Assignment:
The output is the line holding "Bom Homes- Vinhomes" and all lines after it to the end of the records below; restate them unchanged and add nothing.

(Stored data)
%%

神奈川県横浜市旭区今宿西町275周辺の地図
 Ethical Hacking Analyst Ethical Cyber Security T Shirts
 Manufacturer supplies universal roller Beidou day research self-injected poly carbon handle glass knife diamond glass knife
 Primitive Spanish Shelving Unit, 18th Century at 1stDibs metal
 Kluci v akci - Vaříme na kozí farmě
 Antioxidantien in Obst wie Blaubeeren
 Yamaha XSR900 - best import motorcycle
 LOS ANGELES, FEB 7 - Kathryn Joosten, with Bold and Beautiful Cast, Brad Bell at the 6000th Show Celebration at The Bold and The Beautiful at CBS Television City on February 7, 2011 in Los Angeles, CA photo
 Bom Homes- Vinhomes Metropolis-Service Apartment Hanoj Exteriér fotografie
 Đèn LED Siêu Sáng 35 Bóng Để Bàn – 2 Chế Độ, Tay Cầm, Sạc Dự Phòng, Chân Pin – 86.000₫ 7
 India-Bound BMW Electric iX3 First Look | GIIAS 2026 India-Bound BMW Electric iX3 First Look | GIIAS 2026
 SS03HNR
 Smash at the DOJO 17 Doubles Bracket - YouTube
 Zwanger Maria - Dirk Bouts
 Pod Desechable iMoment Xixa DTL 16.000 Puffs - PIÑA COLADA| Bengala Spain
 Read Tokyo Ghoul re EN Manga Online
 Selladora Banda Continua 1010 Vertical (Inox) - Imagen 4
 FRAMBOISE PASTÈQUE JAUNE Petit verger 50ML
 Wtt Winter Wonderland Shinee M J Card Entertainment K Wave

%%

Solution for this problem:
 Bom Homes- Vinhomes Metropolis-Service Apartment Hanoj Exteriér fotografie
 Đèn LED Siêu Sáng 35 Bóng Để Bàn – 2 Chế Độ, Tay Cầm, Sạc Dự Phòng, Chân Pin – 86.000₫ 7
 India-Bound BMW Electric iX3 First Look | GIIAS 2026 India-Bound BMW Electric iX3 First Look | GIIAS 2026
 SS03HNR
 Smash at the DOJO 17 Doubles Bracket - YouTube
 Zwanger Maria - Dirk Bouts
 Pod Desechable iMoment Xixa DTL 16.000 Puffs - PIÑA COLADA| Bengala Spain
 Read Tokyo Ghoul re EN Manga Online
 Selladora Banda Continua 1010 Vertical (Inox) - Imagen 4
 FRAMBOISE PASTÈQUE JAUNE Petit verger 50ML
 Wtt Winter Wonderland Shinee M J Card Entertainment K Wave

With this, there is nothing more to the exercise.